* **What you will do**:
Pictures stay out; everything else in the records gets transcribed exactly.

━━━━━━━━━━━━━━━━━━━━━━━━━━━━━━

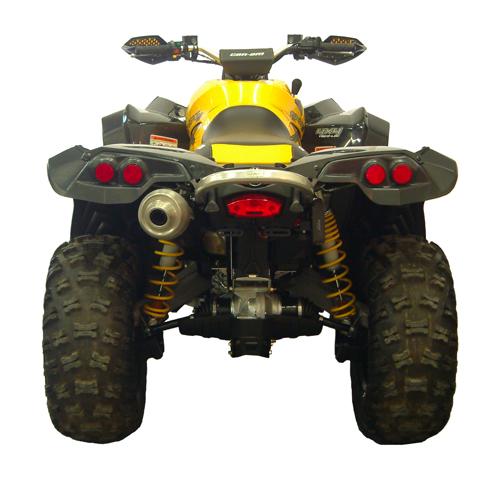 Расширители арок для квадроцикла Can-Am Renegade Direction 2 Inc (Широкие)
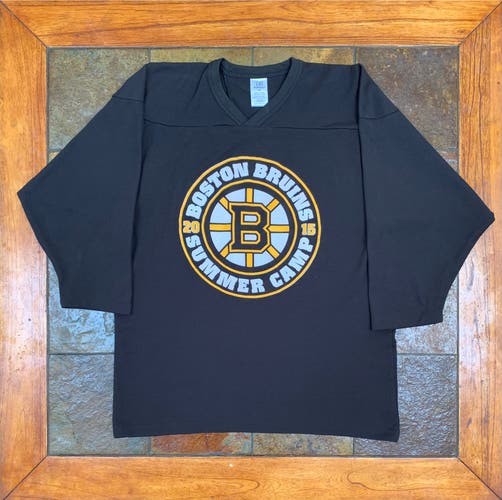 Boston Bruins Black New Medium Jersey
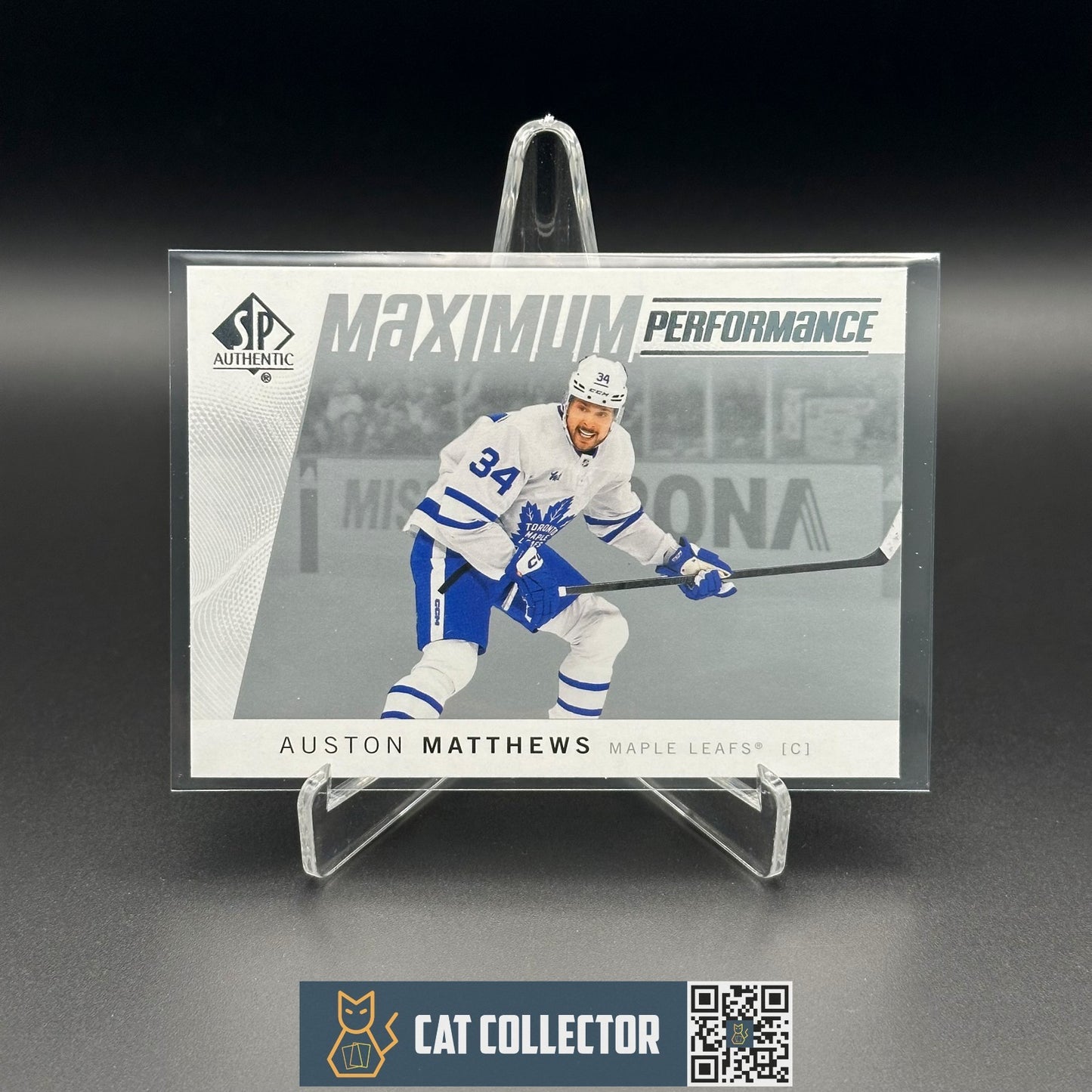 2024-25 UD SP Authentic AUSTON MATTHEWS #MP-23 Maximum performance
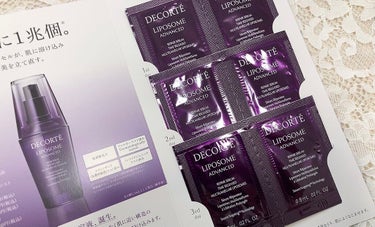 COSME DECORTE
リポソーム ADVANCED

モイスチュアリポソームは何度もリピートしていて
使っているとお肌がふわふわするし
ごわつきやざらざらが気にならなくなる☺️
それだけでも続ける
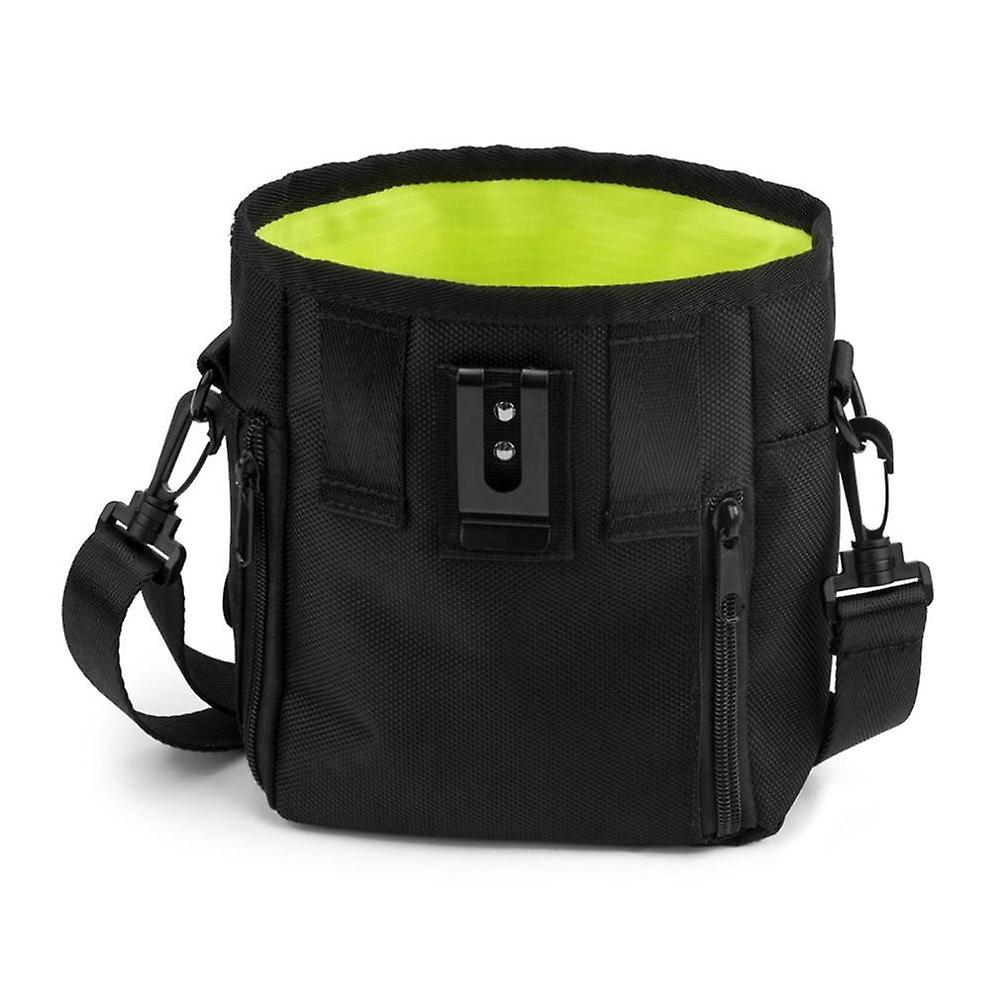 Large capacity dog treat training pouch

━━━━━━━━━━━━━━━━━━━━━━━━━━━━━━

* **Written response**:
 Расширители арок для квадроцикла Can-Am Renegade Direction 2 Inc (Широкие)
 Boston Bruins Black New Medium Jersey
 2024-25 UD SP Authentic AUSTON MATTHEWS #MP-23 Maximum performance
 COSME DECORTE
リポソーム ADVANCED

モイスチュアリポソームは何度もリピートしていて
使っているとお肌がふわふわするし
ごわつきやざらざらが気にならなくなる☺️
それだけでも続ける
 Large capacity dog treat training pouch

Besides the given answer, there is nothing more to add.